Wonder if there is also such a thing as “socially adequate mild” child labour or abduction?

 

The debate continued in 2001, when Swedish law required circumcisions to be performed by a licensed doctor, a decision that at the time was argued to “violate Muslims and Jews’ religious rights”. Presumably because doing it outdoors, with a sharp stone is just much more period correct. 

 

Although it takes some imagination to be outraged if you’re no longer able to put a knife to a child’s penis, there are arguments for keeping it legal. 

 

Outlawing the procedure could press Jewish and Muslim communities, who feel circumcising is the only way God will love their child, to do the procedure at home.

 

What’s more, banning non-medical circumcisions singles out two religious communities.
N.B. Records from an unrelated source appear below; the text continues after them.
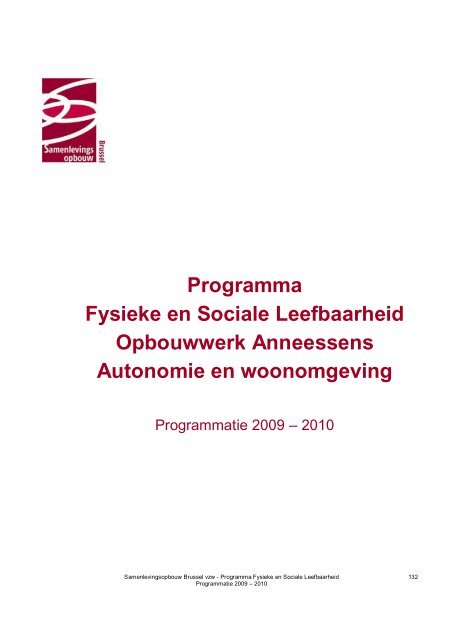 Programma Fysieke en Sociale Leefbaarheid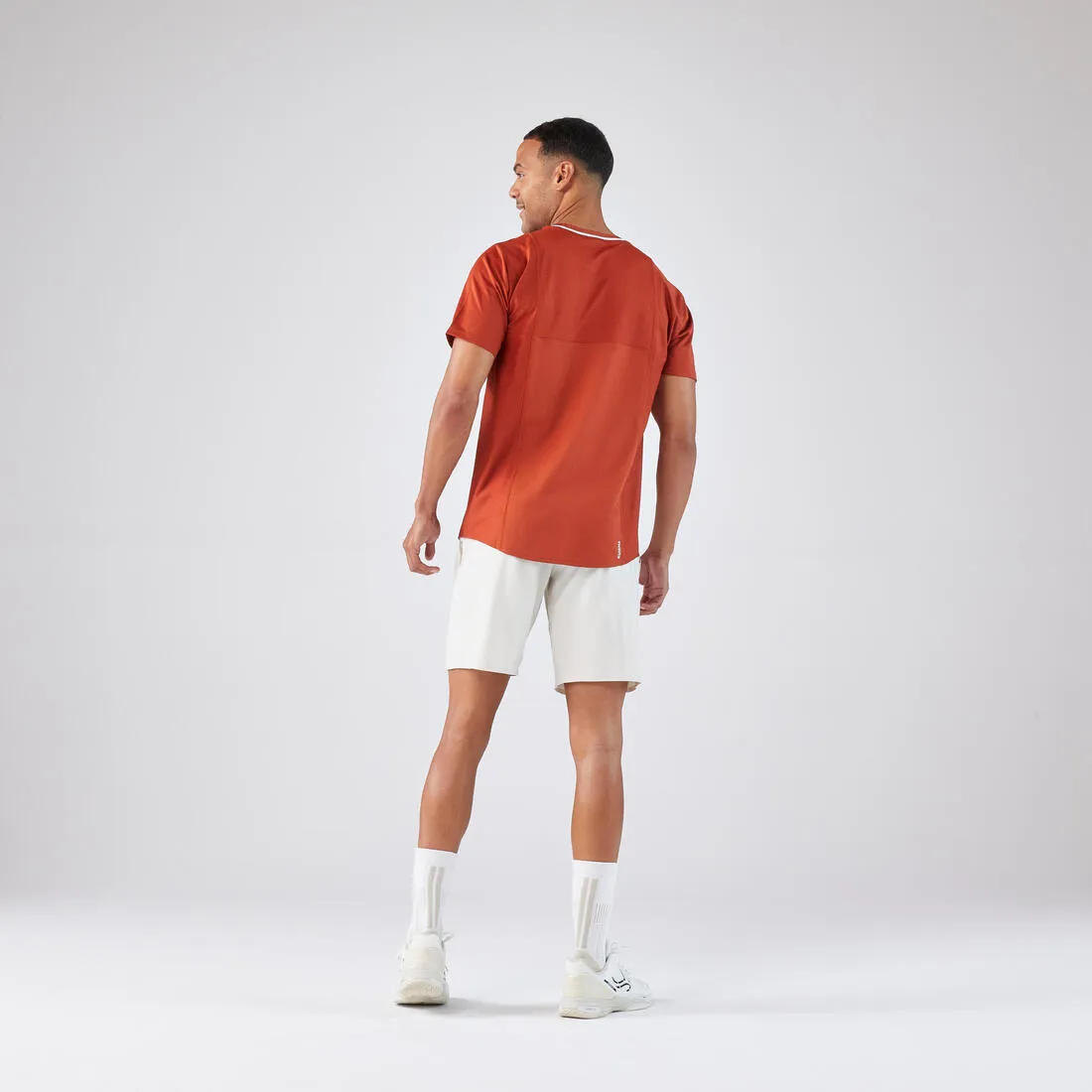 T-shirt tennis manches courtes homme - Artengo DRY Gaël Monfils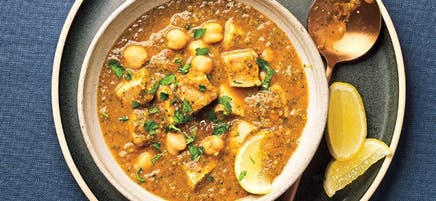 Soupe marocaine à la dinde et aux pois chiches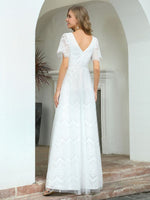 Daphne V neck boho lace wedding dress in ivory size 8 Express NZ wide - Bay Bridal and Ball Gowns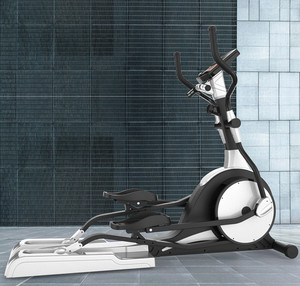 Tiên tiến thương mại phòng tập thể dục thép hình elip chéo huấn luyện viên với sức đề kháng từ phía trước ổ đĩa bánh xe dẫn hiển thị - Product Image 6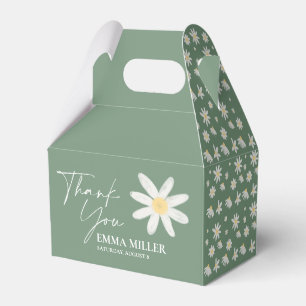 Blommig Sagegrön Tack Presentaskar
And if the procedure doesn’t harm anyone, other than the child, in society, why should it be banned? 

 

Proponents of the procedure also say male circumcision is not nearly as bad as female circumcision (also known as FGM). 

 

Of course, saying it isn’t as bad as female circumcision is a bit like saying shooting someone in the head is much worse than stabbing someone. 

 

Neither are medically necessary, both can be risky and apply to babies and children who cannot consent. The principle is the same. 

 

While banning the procedure would affect Jews and Muslims the most, allowing non-medical procedures to occur without someone’s consent is religious exceptionalism. After all, you don’t see atheists running around removing babies’ appendices because there is no god. 

 

Just because you believe a 2500-year-old text that claims your son needs to pay a foreskin to God and Abraham in return for inherited land (?), doesn’t mean laws don’t apply to your children. Perhaps Abraham and God can wait until someone’s 18 before paying for the land or accept a different currency altogether. 

 

Would make it a lot easier to get a refund if God doesn’t deliver, for example. 

 

Cutting to the point, and the only upside to this debate is that it’s the only thing that unites Jews and Muslims. While this is a peculiar common ground to have, it’s probably better than nothing.